The Danube is the second longest river in Europe (after the Volga) at 2827 km. We have had the pleasure (mostly) of riding 60 km of it in Austria, 150 km in Slovakia, 280 km in Hungary, 140 km in Croatia, 380 km in Serbia, and 450 km in Romania. During that time the local name of the river has changed from Donau, then to Dunaj, then to Duna, then to Dunav, and finally to Dunarea. We have also passed through five European capitals (Vienna, Bratislava, Budapest, Belgrade, and Bucharest).

Pedalling along can be hypnotizing and recently, since the traffic has been light, I find myself daydreaming about the towns that whiz by. Each of them is like a carbon copy of the last in rural Romania but I feel that the number of people in any given town which venture even 10 km in either direction is small. This lead to me wondering about how these locals view the mighty river to the south. Here the river is wide and lazy, very lake-like in its still appearance. There isn’t any indication of the many faces we have seen of this waterway since the start of our journey.

The first of many crossings leaving Vienna.

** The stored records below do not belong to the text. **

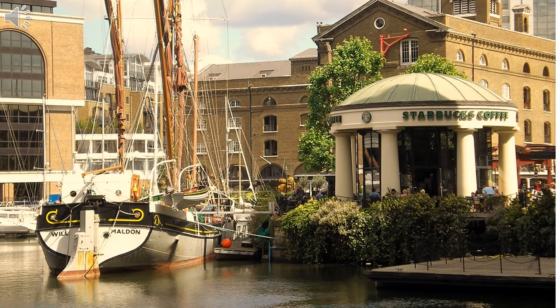As the Thames is a tidal river, sometimes they would be waiting quite a long time for the tides to change and the ships to come in. The docks once made up one of London's busiest ports, handling shipments of tea and spices from all over the world.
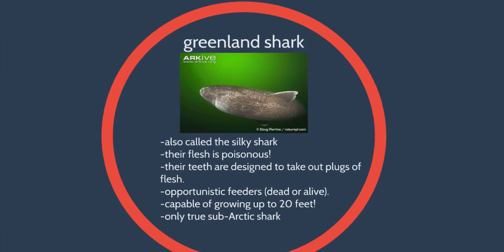The Greenland shark, also called the silky shark, is kind of like a grandpa. Their jaws are really funny looking — it almost looks like they have dentures. Their teeth are designed to take out plugs of flesh, almost like the cookie-cutter shark, but they eat dead and decaying material. Whenever there's a whale carcass at the bottom, these guys are eating on it, and they can be pretty big. Some of the oldest sharks ever found have been Greenland sharks. Their flesh is actually poisonous — you have to treat their skin and meat before they're safe for humans. It's the only sub-arctic shark — they can survive in very cold temperatures.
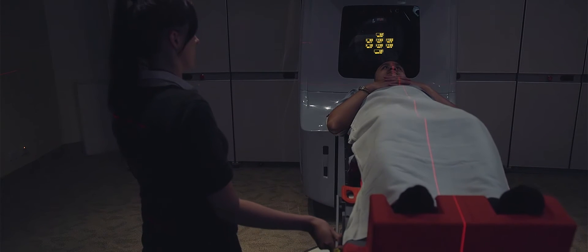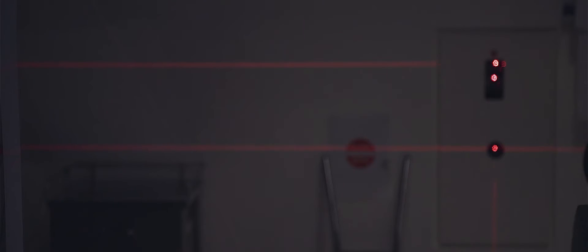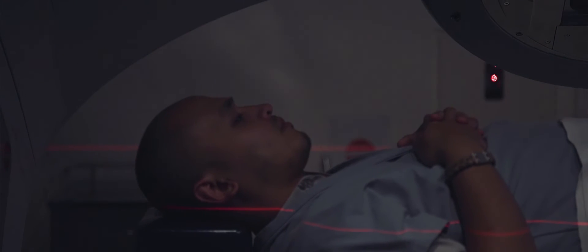When we discuss EBRT for prostate cancers we almost always refer exclusively to IMRT, or intensity modulated radiation therapy. This is an advanced radiation treatment technique which allows us to mold and sculpt our high dose radiation to the exact three-dimensional shape of our prostate cancer. This means we can further limit the amount of radiation that is delivered to the surrounding normal tissues.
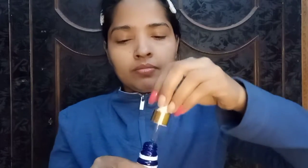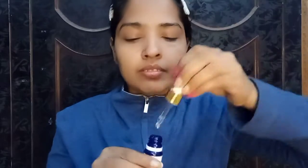This is my almond oil from Good Vibes. I will use the facial oil because it's great for the skin.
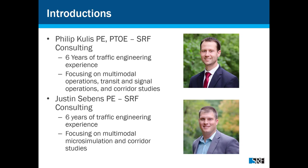I'm Phil Coolis, with SRF Consulting. I have roughly six years of traffic engineering experience, with a focus on multimodal operations — bikes, transit, signal operations, and corridor studies. So I'm in VisWalk quite a bit.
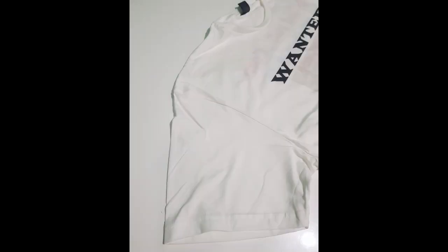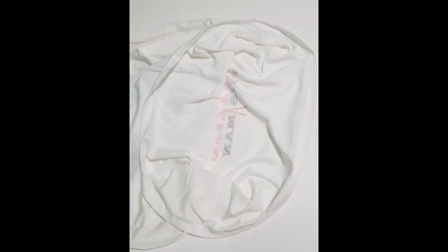Looks pretty nice, sleeves look well sewn, seamless around the body except for at the top where the shoulder is, but it's stitched very well.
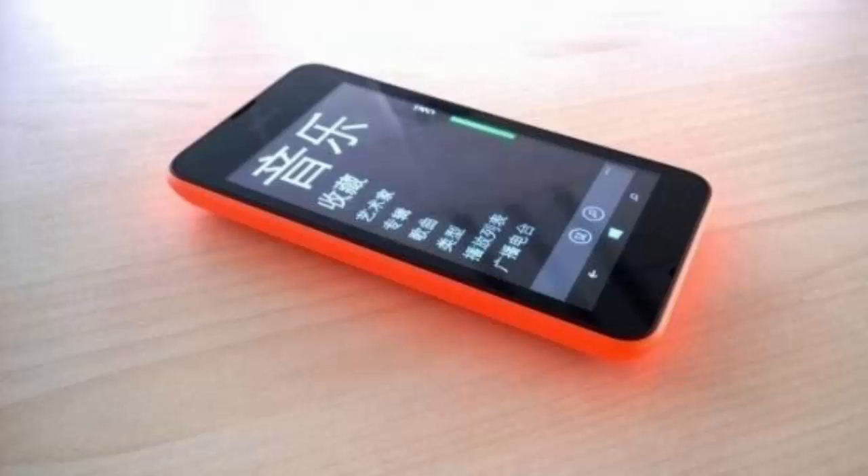In this video I'm going to talk about the unannounced Nokia Lumia 530. The handset will be available in several color versions including green, orange, white, gray, and blue.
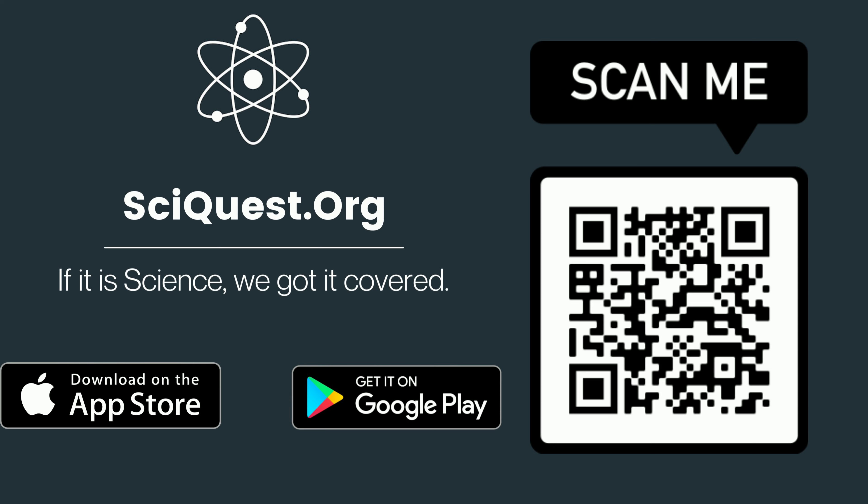Thanks for watching. If you liked this video, make sure to subscribe to Science Quest for more updates.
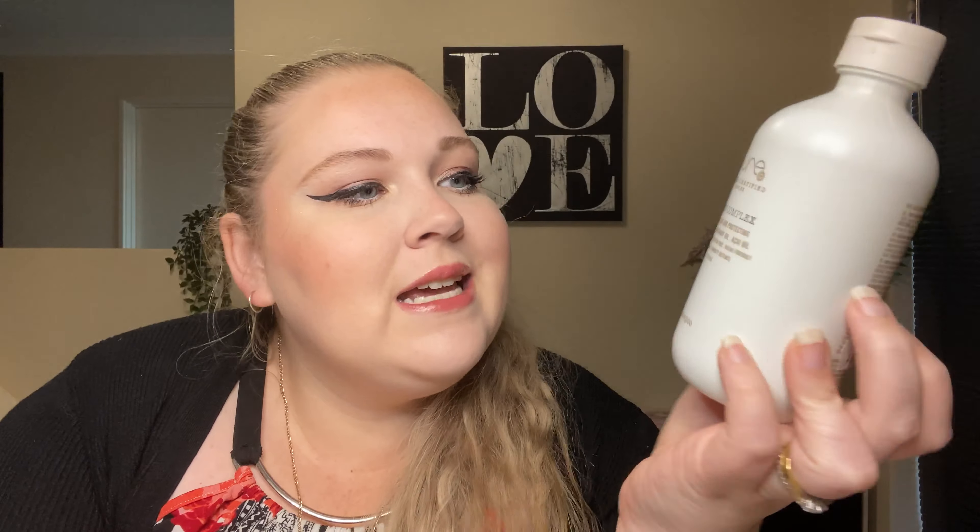She ordered me all three of the products — a shampoo, conditioner, and a leave-in treatment. The brand is Pure, and it is organic certified complex. The shampoo comes in a 300ml bottle. It is a fusion complex, a bond repairing and protecting formula with ginger oil, rosemary oil, and kai oil. It is gluten-free and vegan friendly, and it protects your hair from UV, thermal, and humidity damage.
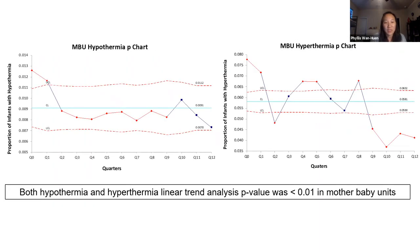In the mother-baby unit, we saw similar results with a nice decrease in the rate of hypothermia. While hyperthermia was a little bit staggered, overall it was also decreased. The linear trend analysis was also significant with a p-value less than 0.01.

Leaving Vienna, with our first of 14 crossings of the river so far, and through much of Slovakia the river has artificial banks and is monotonously straight. In Slovakia a huge reservoir is formed downstream of Bratislava before a hydroelectric dam which meets 8% of the country’s power needs. At other times, like in Budapest, the river is the focal point with beautiful buildings and bridges pressed together and Buda hill overlooking the whole scene. At still other points, the river is integral to heavy industry like the steel mills (currently shut-down) in Smederevo or the huge smelting operation in Dunaujvaros. Finally, the Danube gorge. Its sheer cliffs plunge straight down into the water and serve as an intimidating international border as the river winds its way toward two more hydroelectric dams. The gorge may have been even more impressive before the installation of the dams since the reservoir caused a 35 m rise in the river height nearby.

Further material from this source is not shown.